Only the text belongs in the answer: every line of the records below, transcribed exactly.

(Short descriptive text snippets)
※
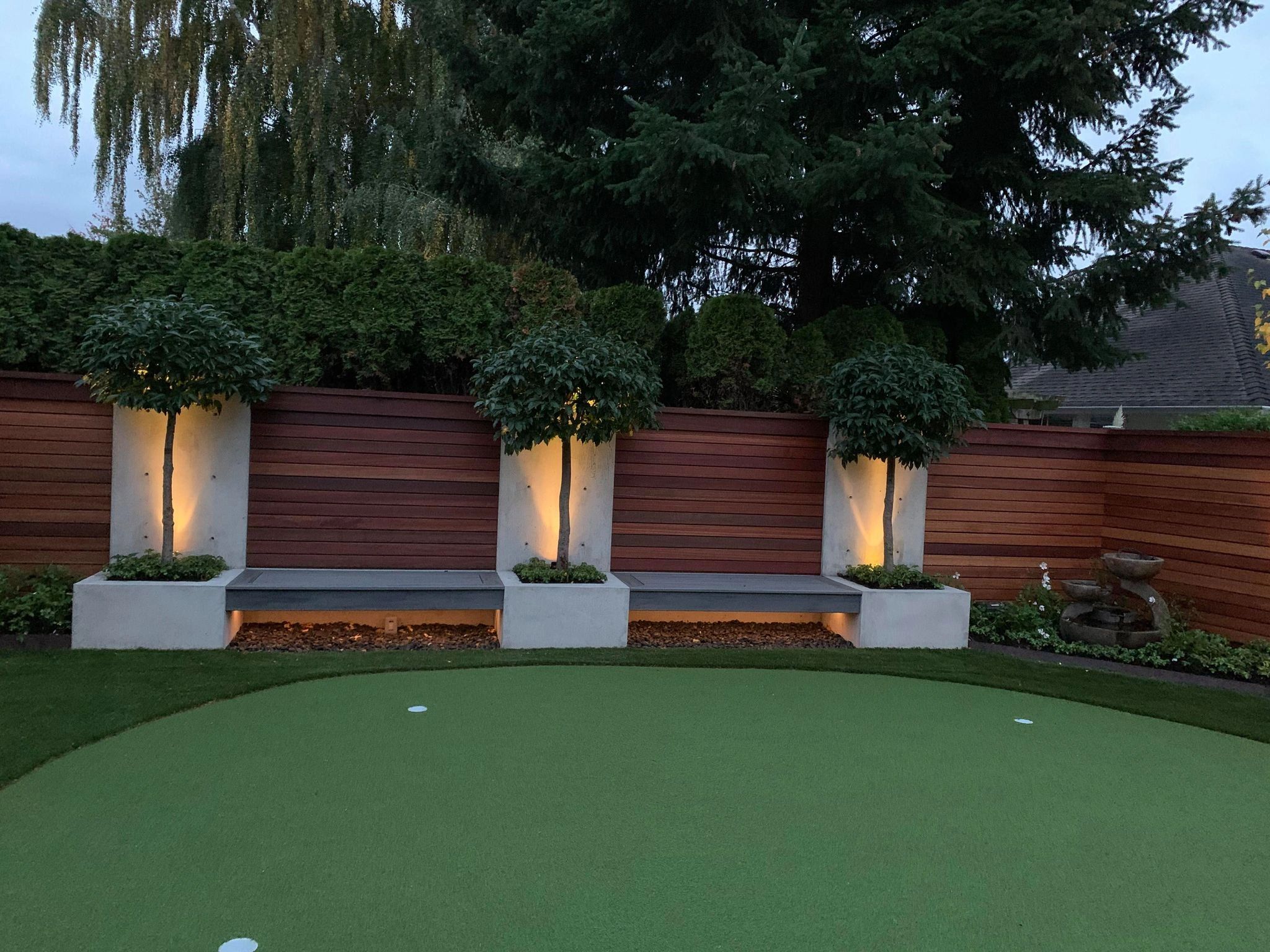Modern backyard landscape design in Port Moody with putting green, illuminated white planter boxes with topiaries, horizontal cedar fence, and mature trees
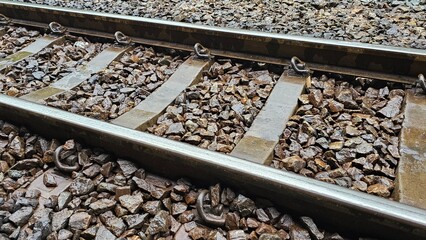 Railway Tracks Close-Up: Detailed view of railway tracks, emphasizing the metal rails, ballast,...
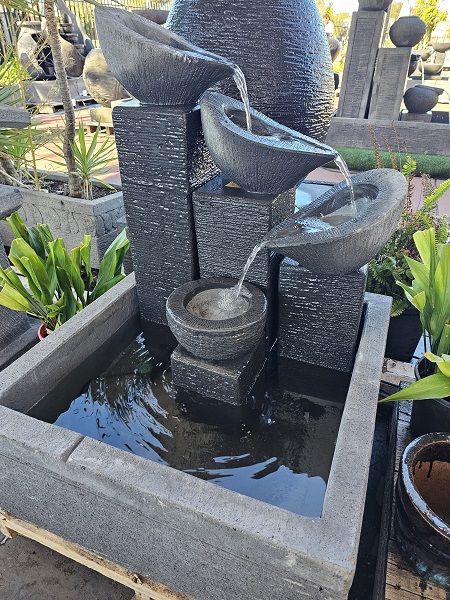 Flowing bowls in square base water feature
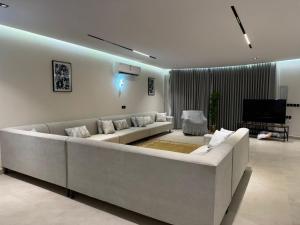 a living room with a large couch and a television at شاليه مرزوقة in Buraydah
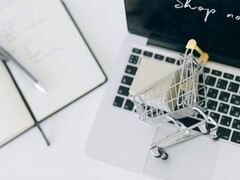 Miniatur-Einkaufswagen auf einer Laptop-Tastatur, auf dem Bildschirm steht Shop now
※
▶ _RESPONSE BELOW_:
Modern backyard landscape design in Port Moody with putting green, illuminated white planter boxes with topiaries, horizontal cedar fence, and mature trees
 Railway Tracks Close-Up: Detailed view of railway tracks, emphasizing the metal rails, ballast,...
 Flowing bowls in square base water feature
 a living room with a large couch and a television at شاليه مرزوقة in Buraydah
 Miniatur-Einkaufswagen auf einer Laptop-Tastatur, auf dem Bildschirm steht Shop now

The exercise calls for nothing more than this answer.